[Short web captions]
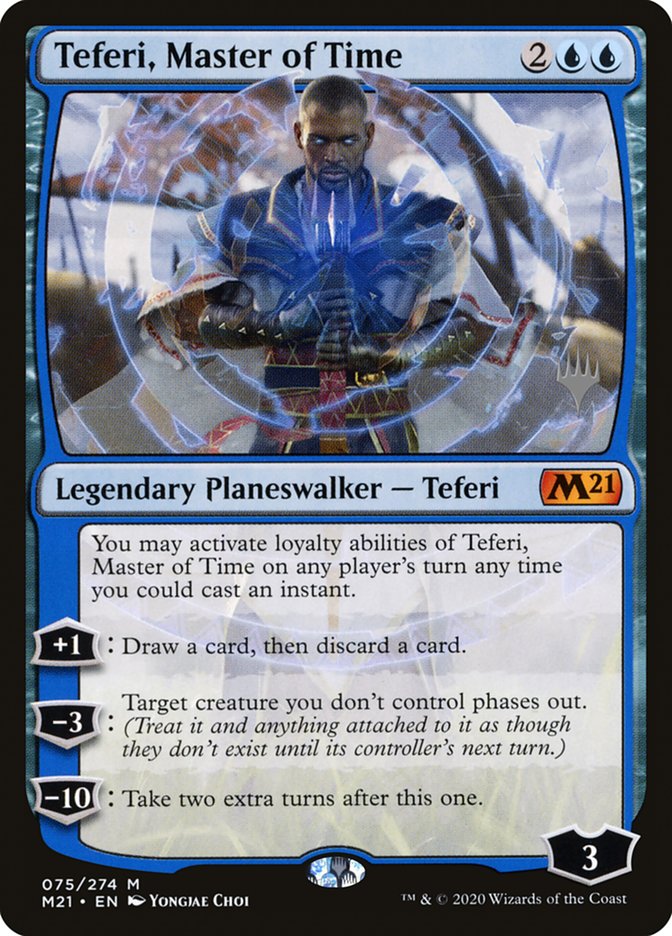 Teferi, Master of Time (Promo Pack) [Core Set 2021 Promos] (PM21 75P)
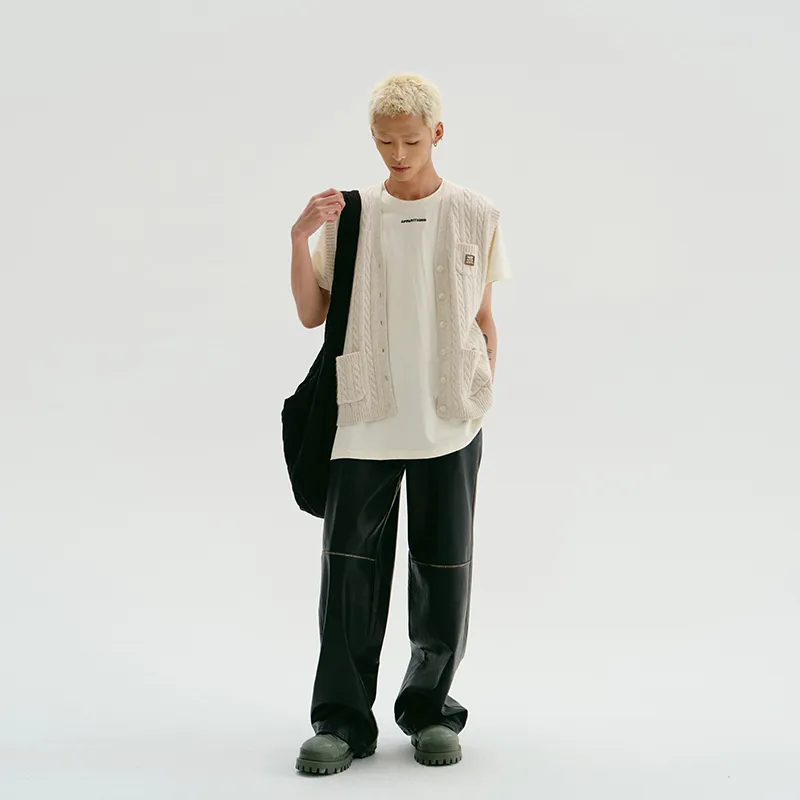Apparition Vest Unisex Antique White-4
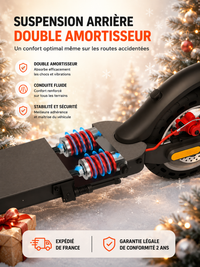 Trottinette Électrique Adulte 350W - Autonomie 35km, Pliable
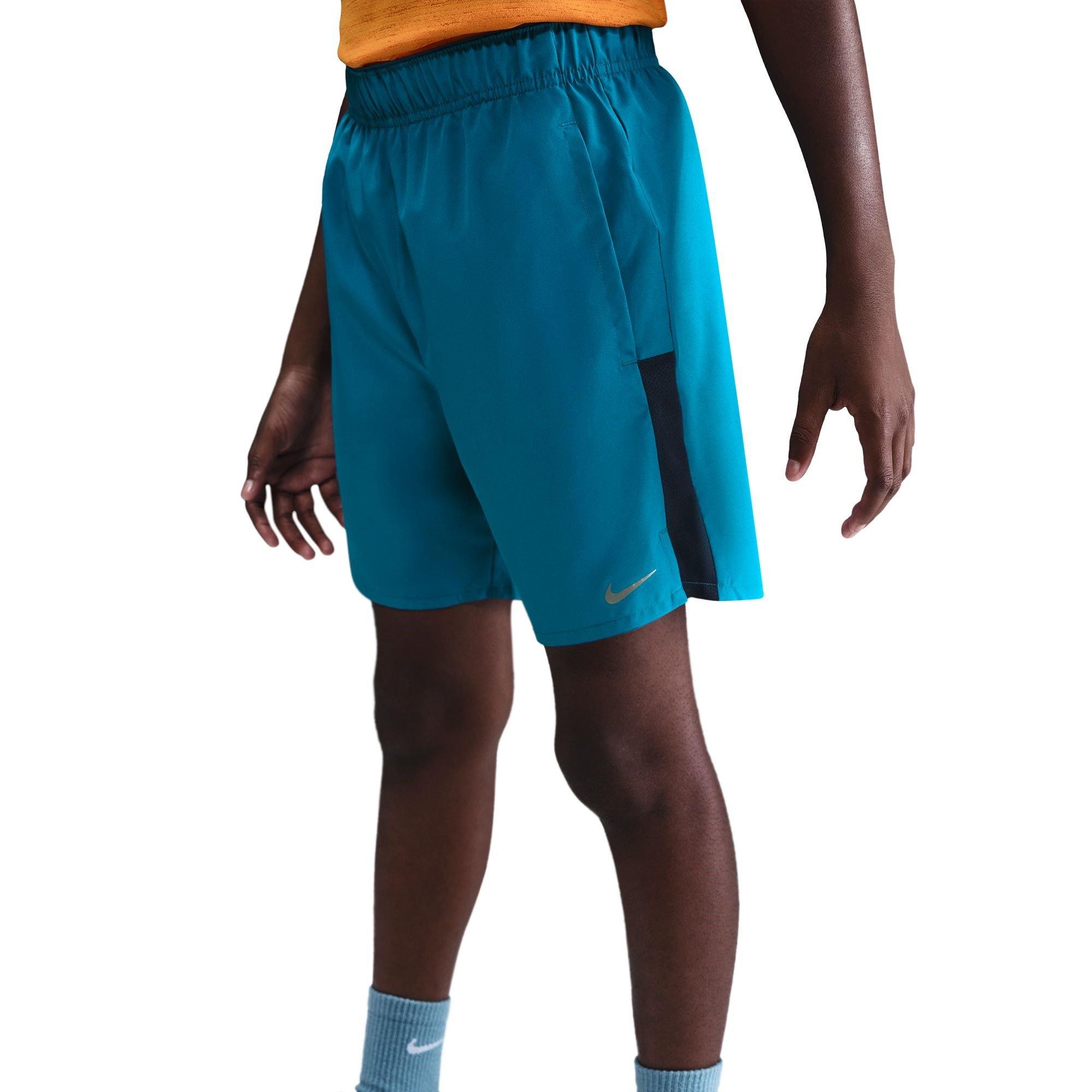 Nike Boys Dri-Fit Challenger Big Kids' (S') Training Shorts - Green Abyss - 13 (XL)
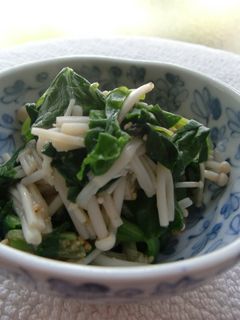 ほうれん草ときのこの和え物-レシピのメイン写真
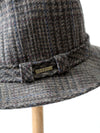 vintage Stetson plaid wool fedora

What is needed: After removing the pictures, set down every record above exactly as it stands.

Exercise output:
 Teferi, Master of Time (Promo Pack) [Core Set 2021 Promos] (PM21 75P)
Apparition Vest Unisex Antique White-4
 Trottinette Électrique Adulte 350W - Autonomie 35km, Pliable
 Nike Boys Dri-Fit Challenger Big Kids' (S') Training Shorts - Green Abyss - 13 (XL)
 ほうれん草ときのこの和え物-レシピのメイン写真
 vintage Stetson plaid wool fedora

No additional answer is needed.